スタジオジブリの宮崎駿監督(82)の10年ぶりの長編アニメーション映画「君たちはどう生きるか」が14日、公開されました。宮崎さんは、「風の谷のナウシカ」「となりのトトロ」「千と千尋の神隠し」など数多くの名作を生み出し、国内外から高く評価されています。どんな人物なのでしょうか。【篠口純子】
◇10年ぶりの長編新作って?
映画「君たちはどう生きるか」は、昭和の編集者で評論家の吉野源三郎(1899~1981年)が少年少女向けに書いた小説からタイトルを取りました。宮崎さんはこの本を中学生の時に読み、深く感動しました。
小説「君たちはどう生きるか」の主人公は、コペル君というあだ名の15歳の少年。父を亡くし、東京で母と2人で暮らしています。いじめや貧困に悩み、叔父とノートや手紙をやりとりしながら成長していきます。2017年に漫画版が大ヒットしました。
宮崎さんは13年に「風立ちぬ」を公開後、長編製作からの引退を表明しましたが、17年に撤回しました。今回の映画は宮崎さんが原作・脚本を手がけたオリジナルストーリー(独自の物語)です。
◇どんな子ども時代だったの?
宮崎さんは1941年に東京で生まれました。飛行機の部品を作る会社を経営していた伯父を、父は役員として助けていました。
第二次世界大戦末期、伯父の工場が栃木県鹿沼市にあった関係で、3歳から小学3年生まで一家で栃木県宇都宮市および鹿沼市に疎開しました。4歳の時に宇都宮空襲にあっています。小学4年生から東京に戻りました。
高校生になり、まんが家を目指しました。日本初のカラー長編アニメ映画「白蛇伝」を見て、アニメに興味を持ちます。学習院大学を卒業後、アニメーターとして東映動画(現在の東映アニメーション)に入社しました。
◇手がけた作品は?
東映動画でテレビシリーズのアニメや長編アニメ映画「太陽の王子 ホルスの大冒険の製作に参加しました。ズイヨー映像に移籍し、「アルプスの少女ハイジ」の製作に参加。その後も「母をたずねて三千里」「未来少年コナン」など、数々のテレビアニメを手がけました。1979年に「ルパン三世 カリオストロの城」で長編アニメ映画の初監督を務めました。
84年に「風の谷のナウシカ」が公開されました。翌年、スタジオジブリを設立。「天空の城ラピュタ」「となりのトトロ」「もののけ姫」と次々にヒット作を生み出しました。
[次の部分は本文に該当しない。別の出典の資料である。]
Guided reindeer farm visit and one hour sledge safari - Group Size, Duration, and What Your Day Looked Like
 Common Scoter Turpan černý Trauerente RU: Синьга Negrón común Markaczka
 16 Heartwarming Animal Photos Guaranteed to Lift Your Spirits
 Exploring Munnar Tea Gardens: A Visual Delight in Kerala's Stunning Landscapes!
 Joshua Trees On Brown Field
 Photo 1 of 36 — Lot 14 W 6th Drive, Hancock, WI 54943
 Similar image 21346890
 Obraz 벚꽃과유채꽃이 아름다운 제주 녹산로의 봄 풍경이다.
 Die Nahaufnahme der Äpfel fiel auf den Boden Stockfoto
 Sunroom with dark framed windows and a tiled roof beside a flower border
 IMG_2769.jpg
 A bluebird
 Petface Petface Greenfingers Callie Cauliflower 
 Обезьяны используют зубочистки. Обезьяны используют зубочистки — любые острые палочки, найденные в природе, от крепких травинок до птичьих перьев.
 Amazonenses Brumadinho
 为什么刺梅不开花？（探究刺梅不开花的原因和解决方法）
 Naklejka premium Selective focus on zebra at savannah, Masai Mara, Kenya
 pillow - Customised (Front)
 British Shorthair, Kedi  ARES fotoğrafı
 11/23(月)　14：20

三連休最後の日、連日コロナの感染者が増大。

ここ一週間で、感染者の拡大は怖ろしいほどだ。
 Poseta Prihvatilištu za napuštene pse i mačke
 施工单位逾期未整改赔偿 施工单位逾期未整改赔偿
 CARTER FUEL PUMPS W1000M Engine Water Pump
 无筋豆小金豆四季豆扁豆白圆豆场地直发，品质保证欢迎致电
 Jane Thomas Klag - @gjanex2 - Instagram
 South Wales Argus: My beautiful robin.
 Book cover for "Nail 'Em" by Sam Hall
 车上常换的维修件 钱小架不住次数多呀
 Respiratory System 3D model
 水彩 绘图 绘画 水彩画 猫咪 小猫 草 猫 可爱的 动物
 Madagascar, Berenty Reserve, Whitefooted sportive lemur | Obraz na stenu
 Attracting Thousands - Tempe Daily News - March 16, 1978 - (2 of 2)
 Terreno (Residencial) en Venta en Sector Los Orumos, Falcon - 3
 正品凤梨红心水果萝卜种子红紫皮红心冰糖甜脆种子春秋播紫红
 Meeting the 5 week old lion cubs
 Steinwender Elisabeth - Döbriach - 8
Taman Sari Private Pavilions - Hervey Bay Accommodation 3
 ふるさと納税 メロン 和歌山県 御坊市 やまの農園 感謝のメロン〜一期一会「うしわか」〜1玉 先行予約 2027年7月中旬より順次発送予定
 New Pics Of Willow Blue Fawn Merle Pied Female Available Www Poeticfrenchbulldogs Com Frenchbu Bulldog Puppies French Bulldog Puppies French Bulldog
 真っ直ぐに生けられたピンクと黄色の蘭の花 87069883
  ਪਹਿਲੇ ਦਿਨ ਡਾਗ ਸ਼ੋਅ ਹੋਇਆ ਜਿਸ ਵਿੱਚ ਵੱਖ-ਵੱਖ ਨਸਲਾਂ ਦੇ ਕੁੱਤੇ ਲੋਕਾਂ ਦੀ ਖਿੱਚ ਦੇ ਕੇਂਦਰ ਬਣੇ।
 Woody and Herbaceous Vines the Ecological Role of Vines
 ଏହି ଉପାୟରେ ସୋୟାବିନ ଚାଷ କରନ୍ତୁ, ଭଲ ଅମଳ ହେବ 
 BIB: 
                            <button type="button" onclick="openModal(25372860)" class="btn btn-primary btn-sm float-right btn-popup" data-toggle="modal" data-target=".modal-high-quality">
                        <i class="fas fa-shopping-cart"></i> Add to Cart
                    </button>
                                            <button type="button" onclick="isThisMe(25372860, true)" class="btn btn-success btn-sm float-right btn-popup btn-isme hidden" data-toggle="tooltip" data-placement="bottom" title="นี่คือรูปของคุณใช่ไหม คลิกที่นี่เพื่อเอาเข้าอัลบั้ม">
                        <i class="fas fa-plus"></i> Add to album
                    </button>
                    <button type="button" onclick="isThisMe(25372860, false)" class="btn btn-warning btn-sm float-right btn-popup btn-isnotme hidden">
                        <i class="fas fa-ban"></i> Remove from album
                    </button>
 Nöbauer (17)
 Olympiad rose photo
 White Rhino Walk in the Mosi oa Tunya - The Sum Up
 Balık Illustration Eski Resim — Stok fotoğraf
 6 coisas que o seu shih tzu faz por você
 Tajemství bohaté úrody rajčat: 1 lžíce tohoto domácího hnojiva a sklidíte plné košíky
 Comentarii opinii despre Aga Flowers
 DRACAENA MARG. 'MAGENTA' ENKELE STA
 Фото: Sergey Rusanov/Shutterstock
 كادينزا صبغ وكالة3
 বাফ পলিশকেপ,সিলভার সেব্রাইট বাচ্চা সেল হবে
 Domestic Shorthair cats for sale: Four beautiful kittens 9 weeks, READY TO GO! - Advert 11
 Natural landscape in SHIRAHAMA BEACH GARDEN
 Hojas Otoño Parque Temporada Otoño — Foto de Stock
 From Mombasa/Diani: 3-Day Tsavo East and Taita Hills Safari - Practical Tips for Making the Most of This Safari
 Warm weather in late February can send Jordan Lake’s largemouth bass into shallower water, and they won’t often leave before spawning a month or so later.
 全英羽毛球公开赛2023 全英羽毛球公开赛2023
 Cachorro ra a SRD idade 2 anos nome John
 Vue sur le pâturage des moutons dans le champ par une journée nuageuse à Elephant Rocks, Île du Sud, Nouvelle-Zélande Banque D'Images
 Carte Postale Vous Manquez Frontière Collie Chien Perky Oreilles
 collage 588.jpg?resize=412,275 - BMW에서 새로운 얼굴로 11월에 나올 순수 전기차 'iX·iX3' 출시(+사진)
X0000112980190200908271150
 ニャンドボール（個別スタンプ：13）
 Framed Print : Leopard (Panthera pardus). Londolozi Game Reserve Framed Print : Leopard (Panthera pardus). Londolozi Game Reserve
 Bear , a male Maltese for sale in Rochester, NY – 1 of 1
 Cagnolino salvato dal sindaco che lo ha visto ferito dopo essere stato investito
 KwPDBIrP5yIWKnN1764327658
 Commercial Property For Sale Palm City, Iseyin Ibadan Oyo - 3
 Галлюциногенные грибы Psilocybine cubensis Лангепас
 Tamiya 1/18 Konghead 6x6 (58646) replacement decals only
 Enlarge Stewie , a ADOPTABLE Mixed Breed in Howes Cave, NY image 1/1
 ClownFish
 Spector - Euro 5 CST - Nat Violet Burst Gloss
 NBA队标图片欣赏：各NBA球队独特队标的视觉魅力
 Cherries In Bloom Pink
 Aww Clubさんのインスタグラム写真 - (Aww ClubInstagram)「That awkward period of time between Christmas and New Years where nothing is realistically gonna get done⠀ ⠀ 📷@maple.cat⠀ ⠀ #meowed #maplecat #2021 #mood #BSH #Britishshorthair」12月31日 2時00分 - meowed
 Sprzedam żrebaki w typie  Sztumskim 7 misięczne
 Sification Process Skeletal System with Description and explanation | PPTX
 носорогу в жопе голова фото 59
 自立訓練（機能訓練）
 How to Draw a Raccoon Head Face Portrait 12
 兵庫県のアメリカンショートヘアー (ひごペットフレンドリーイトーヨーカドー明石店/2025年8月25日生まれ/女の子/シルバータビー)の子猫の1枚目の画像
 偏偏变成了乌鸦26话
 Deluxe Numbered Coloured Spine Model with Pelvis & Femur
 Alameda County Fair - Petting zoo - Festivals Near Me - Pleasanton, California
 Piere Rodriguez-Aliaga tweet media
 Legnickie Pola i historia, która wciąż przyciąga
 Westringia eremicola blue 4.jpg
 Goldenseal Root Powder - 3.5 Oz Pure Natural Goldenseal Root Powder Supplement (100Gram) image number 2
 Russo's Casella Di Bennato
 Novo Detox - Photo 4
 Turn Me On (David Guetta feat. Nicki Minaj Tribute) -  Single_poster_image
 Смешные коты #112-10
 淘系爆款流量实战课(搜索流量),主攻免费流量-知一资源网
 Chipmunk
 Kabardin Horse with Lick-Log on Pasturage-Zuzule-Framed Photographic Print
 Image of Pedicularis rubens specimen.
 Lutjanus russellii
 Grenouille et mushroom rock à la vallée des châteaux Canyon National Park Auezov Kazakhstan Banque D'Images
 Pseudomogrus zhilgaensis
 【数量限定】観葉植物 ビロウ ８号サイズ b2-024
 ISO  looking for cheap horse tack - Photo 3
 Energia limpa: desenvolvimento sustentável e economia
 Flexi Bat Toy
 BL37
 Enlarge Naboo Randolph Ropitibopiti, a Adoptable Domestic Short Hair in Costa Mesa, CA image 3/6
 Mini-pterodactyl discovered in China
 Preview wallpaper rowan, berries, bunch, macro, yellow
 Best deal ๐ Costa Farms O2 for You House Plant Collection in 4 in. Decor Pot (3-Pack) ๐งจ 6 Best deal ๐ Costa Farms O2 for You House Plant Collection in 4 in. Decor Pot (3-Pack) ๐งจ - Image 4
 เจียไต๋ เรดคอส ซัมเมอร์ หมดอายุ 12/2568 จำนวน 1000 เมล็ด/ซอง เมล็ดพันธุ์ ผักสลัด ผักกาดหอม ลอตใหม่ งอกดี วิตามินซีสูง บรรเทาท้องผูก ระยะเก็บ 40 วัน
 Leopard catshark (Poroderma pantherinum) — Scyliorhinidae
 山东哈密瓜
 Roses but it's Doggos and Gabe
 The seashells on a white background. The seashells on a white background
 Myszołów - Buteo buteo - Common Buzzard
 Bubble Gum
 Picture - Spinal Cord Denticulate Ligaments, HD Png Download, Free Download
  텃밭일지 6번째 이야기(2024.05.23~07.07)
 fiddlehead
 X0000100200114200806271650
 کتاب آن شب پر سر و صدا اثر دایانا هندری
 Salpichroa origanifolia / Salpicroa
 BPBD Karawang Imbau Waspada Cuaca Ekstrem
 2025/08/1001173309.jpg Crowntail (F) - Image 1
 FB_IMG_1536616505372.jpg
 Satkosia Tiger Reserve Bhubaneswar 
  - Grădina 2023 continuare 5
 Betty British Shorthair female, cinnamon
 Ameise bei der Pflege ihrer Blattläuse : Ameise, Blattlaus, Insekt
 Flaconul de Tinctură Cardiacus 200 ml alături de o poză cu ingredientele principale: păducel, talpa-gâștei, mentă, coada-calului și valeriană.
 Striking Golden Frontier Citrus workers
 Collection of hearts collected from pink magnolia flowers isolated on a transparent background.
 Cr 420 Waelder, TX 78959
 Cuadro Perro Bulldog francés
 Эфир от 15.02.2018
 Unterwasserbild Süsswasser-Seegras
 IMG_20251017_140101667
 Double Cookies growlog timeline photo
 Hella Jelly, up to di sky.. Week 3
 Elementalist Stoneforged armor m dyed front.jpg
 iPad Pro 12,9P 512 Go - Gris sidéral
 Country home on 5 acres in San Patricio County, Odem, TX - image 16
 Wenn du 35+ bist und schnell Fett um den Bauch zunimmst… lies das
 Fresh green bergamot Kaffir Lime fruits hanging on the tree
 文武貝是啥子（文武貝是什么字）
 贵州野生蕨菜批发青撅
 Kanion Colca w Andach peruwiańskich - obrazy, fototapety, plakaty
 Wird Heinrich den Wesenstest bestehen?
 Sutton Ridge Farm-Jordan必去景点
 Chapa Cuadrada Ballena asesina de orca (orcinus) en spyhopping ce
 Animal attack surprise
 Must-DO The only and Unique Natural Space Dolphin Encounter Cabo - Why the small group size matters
「千と千尋の神隠し」の興行収入は、2020年に「劇場版『鬼滅の刃』無限列車編」に抜かれるまで歴代1位でした。
◇海外の評価も高い
2002年のベルリン国際映画祭で、「千と千尋の神隠し」が最高賞の金熊賞を受賞しました。アニメ映画として史上初でした。03年にはアカデミー賞長編アニメ賞を獲得。アメリカなどとイラクとのイラク戦争が始まった中での授賞式となり、「うれしそうな顔を見せるのはつらい」とコメントを寄せ、姿を現しませんでした。
14年には、映画界に功績を残した人や団体に贈られるアカデミー賞名誉賞を受賞しました。日本人では、1990年の黒沢明監督以来、2人目でした。「アニメは子どもが見るもの」という固定観念を変え、芸術に高めたとの評価を受けました。
◇ものすごい読書家なんだって?
宮崎さんは読書家として知られています。大学時代、漫画研究会がなかったため、児童文学研究会に入りました。監督を務めた「魔女の宅急便」「ハウルの動く城」のほか、児童書を原作にしたジブリ作品は多いです。
また、第二次世界大戦の日本軍の戦闘機「ゼロ戦」の設計者をモデルにした「風立ちぬ」や、第一次世界大戦後のイタリアで元軍人が飛行艇を乗り回す「紅の豚」でわかるように、戦闘機や兵器についても詳しいです。
一方で戦争への動きにも反対しています。憲法9条の改正に「もってのほか」と反対しています。アメリカ軍普天間飛行場(沖縄県宜野湾市)の名護市辺野古への移設について、反対する市民運動を支援している「辺野古基金」の共同代表も務めています。